--- Data in this exercise Enclosed Below ---
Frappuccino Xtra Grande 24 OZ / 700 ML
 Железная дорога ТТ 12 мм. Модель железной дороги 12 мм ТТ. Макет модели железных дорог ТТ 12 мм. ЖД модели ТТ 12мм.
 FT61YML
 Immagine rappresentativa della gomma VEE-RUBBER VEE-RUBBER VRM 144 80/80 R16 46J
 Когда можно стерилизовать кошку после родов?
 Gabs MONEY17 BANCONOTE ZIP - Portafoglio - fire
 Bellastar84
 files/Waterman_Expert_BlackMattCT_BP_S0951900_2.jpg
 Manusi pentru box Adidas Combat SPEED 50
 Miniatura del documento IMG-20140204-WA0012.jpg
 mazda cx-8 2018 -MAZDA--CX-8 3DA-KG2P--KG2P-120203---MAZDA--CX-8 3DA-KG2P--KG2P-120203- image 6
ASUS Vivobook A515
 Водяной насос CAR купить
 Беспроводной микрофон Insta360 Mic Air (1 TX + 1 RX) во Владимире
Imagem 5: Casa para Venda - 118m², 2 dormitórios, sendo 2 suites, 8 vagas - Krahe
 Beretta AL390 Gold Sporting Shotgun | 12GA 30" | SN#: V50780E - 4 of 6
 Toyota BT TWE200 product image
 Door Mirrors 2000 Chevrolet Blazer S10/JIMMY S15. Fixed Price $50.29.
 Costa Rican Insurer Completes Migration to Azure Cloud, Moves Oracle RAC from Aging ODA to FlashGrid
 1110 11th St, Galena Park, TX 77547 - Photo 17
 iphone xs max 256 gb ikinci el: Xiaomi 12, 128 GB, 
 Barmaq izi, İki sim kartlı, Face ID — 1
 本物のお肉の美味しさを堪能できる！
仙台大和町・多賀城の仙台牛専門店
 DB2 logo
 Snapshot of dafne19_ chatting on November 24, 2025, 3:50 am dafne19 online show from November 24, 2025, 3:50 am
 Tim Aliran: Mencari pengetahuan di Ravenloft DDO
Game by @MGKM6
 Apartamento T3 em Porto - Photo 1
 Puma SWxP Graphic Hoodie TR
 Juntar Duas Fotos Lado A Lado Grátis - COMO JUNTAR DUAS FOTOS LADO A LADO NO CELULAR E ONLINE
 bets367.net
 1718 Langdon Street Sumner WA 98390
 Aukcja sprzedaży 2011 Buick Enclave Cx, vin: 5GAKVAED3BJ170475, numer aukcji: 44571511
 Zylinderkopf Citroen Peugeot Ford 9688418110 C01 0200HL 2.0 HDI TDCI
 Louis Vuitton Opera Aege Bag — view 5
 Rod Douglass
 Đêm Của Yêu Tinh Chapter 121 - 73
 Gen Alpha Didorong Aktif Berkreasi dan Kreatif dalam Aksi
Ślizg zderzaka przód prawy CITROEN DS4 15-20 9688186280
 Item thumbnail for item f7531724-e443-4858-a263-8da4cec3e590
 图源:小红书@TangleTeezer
--- End of Enclosed Data in this exercise ---
What is being asked » Filter the records down to the lines that contain the string "Photo", and copy those lines.

Response box »
 1110 11th St, Galena Park, TX 77547 - Photo 17
 Apartamento T3 em Porto - Photo 1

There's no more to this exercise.